Um sopro da natureza

Depois de cinco tenebrosos anos escondido no mato, sozinho, vendo noites e dias se arrastarem iguais na mesma insipidez branca do que era então minha existência, uma serpente venenosa entrou à noite em minha barraca e me picou. Enroscada atrás do colchão, devia estar tocaiando um rato que andava por ali em meio ao lixo acumulado de meses – uma tralha de latas, panos e papéis emporcalhados de comida estragada e fezes. Cravou suas finas presas em minha mão quando me estiquei para pegar uma cueca suja largada num canto havia dois ou três anos. Alguma coisa dentro de mim dizia: “pegue essa cueca borrada e queime-a lá fora de uma vez”; mas nem cheguei a pegá-la, senti a fisgada, a dor subindo pelo braço, queimando, latejando. Arrastei-me até a saída, bufando como um touro que luta pela vida, desesperado, sem saber que se vive ou que se morre. Mas eu sabia... sobretudo que se morre.

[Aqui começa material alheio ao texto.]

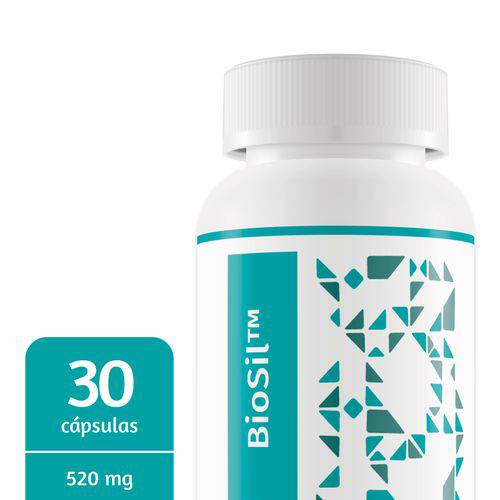 Biosil™ - Silício Orgânico 520 Mg - 30 Cápsulas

A mão picada já estava preta quando me aproximei do córrego gelado que passa por ali, a lanterna tremendo na outra mão, iluminando o chão, a água, a mão inchada pulsando, ardendo. “Estou morrendo”, pensei; e não adiantava fazer nada: sem carro ou moto, estava a mais de cem quilômetros do arraial, que ficava no meio do nada, longe de qualquer socorro. Era o fim.

A morte então veio sorrateira, rastejando lentamente pela margem do córrego; tinha olhos de fogo e era mole; parecia uma criança recém-nascida nadando em placenta e sangue, brilhando na escuridão, a boca se abrindo cheia de dentes. Eu sabia o que estava por vir, e sabê-lo me fez forte, corajoso, alegre, como se eu tivesse acabado de tomar a terceira taça de um vinho português encorpado e não tivesse nada com que me preocupar – doença, trabalho, sucesso, fracasso –, nada.

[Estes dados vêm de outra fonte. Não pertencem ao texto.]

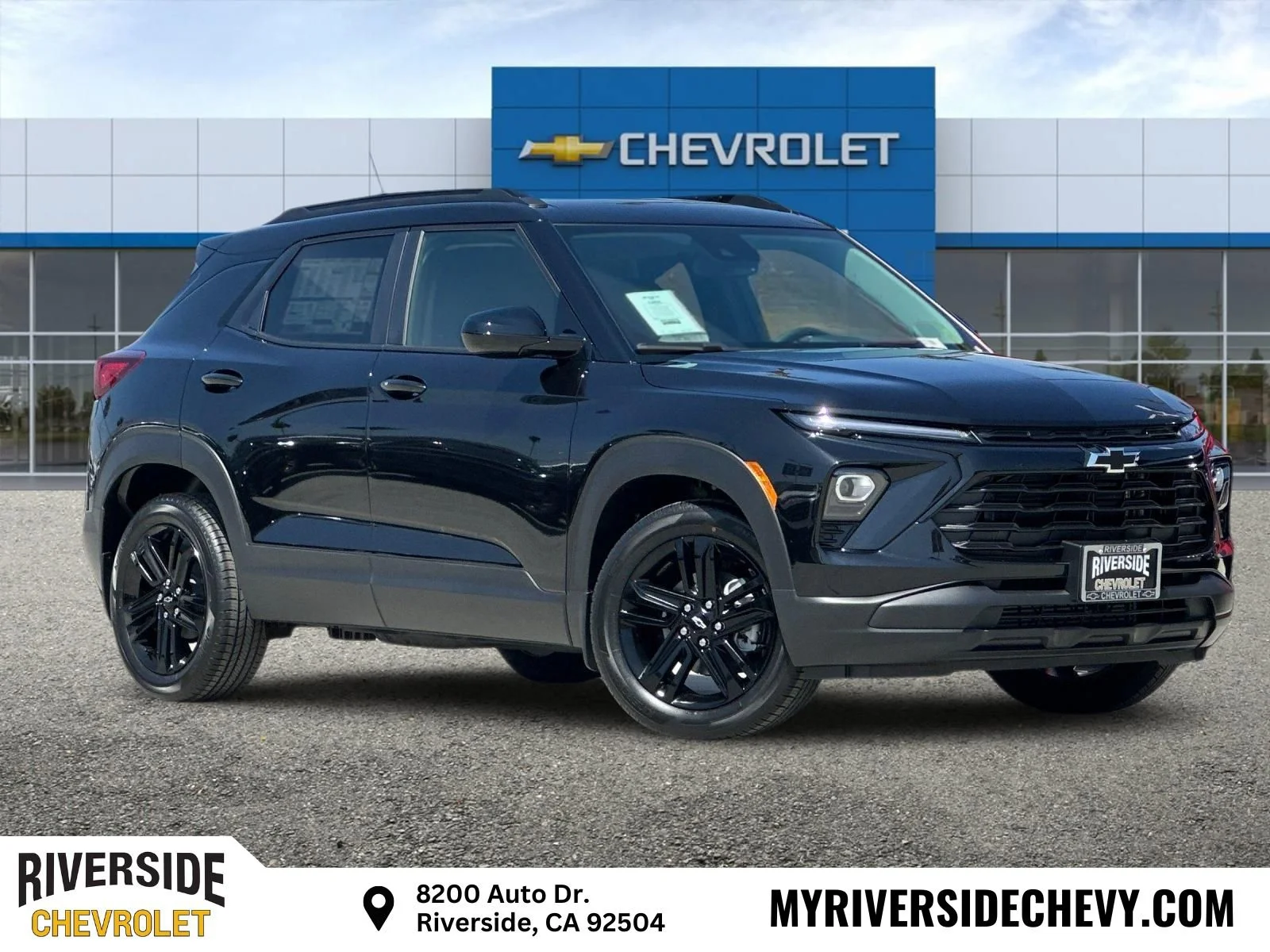 New 2026 Mosaic Black Metallic Chevrolet LT image 1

Desde que eu me internara na floresta, havia cinco anos, nada me inquietava. Viver, para mim, era só existir, mergulhado na natureza selvagem que me abrigava. Mas saber-me morrendo, ali, no meio do mato, sozinho, sem a menor esperança de socorro, levou-me de volta àquele apartamento, àquela vida e aos sentimentos que me torturavam naquela época – a ansiedade, a angústia, o desespero, a vontade de riqueza e poder... Foi como assistir a um filme em alta velocidade, que durou pouco, pois logo veio a paz.

A morte estava lá, e vê-la de perto foi como me libertar de novo das dores do mundo, mas sem a sensação de vazio, sem o tédio das noites e dias brancos que eu tinha vivido sozinho naquela floresta.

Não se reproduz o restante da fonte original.